**EXERCISE INSTRUCTIONS**
Retype the line where "Cleft — Lip Nasal Deformities ..." appears and each line that follows it down to the last line of the records below. Leave the pictures out.

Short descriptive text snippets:
▶

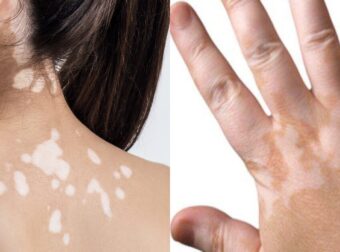 Λευκές κηλίδες στο δέρμα: Κι όμως δεν είναι μόνο ο ήλιος – Οι συχνότερες αιτίες και ο τρόπος αντιμετώπισης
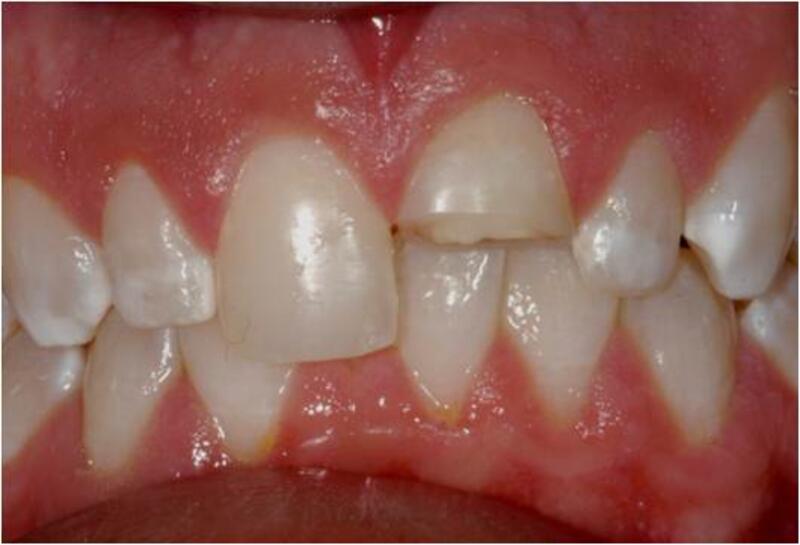 Dental Bonding Before & After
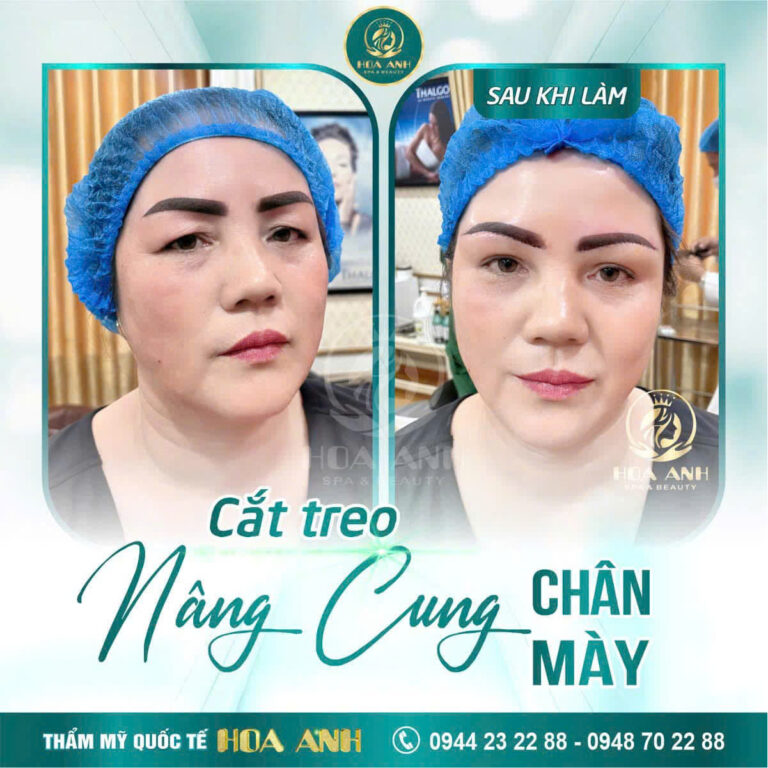 Treo Khung Chân Mày Có Nguy Hiểm Không? Bác Sĩ Chia Sẻ Toàn Diện Từ A–Z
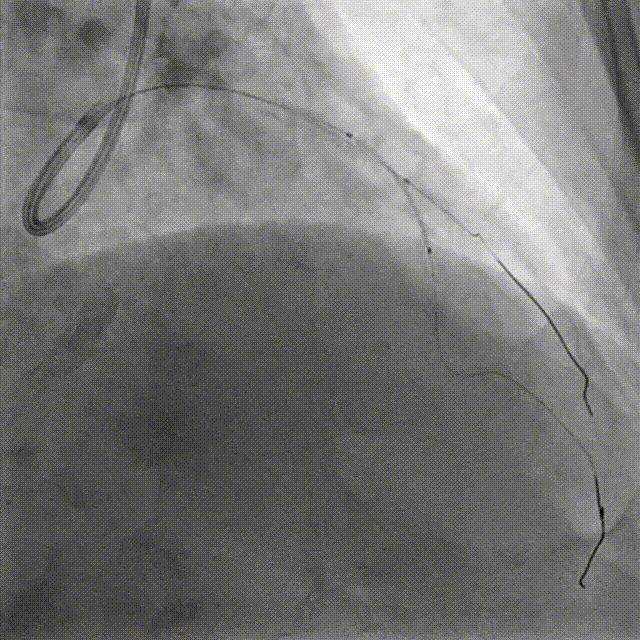 Launcher病例荟 | JR应用于右冠近段病变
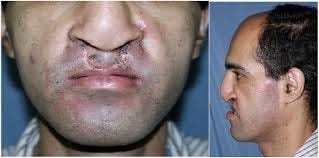 Cleft — Lip Nasal Deformities ...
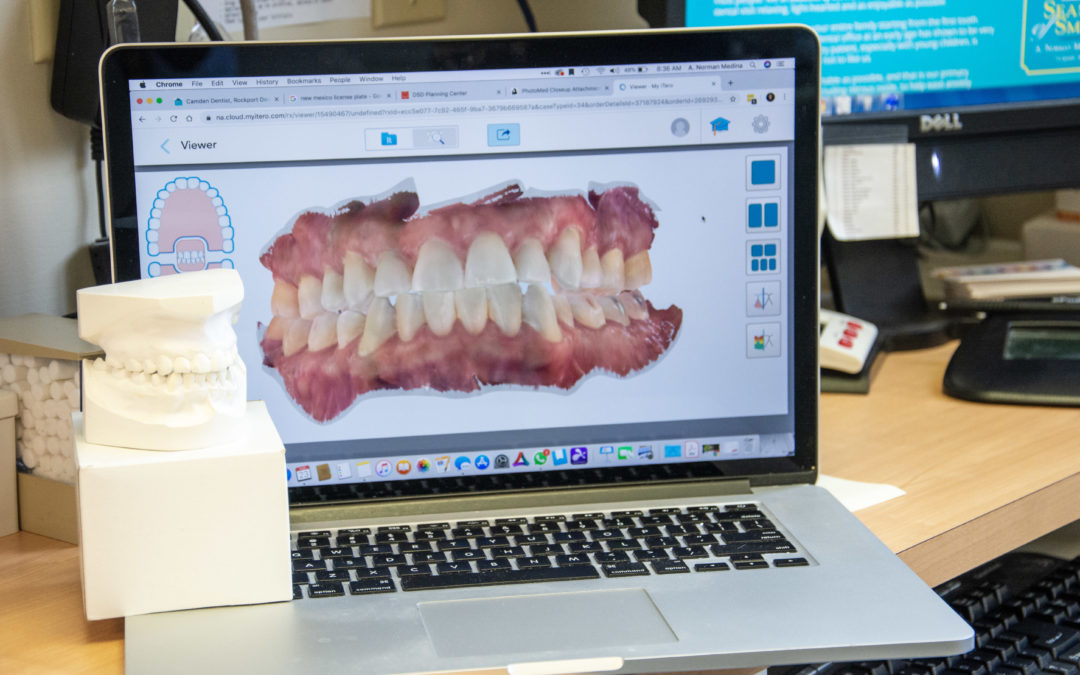 STL files vs Alginate Impressions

◀

**RESULT FOR THIS EXERCISE**
 Cleft — Lip Nasal Deformities ...
 STL files vs Alginate Impressions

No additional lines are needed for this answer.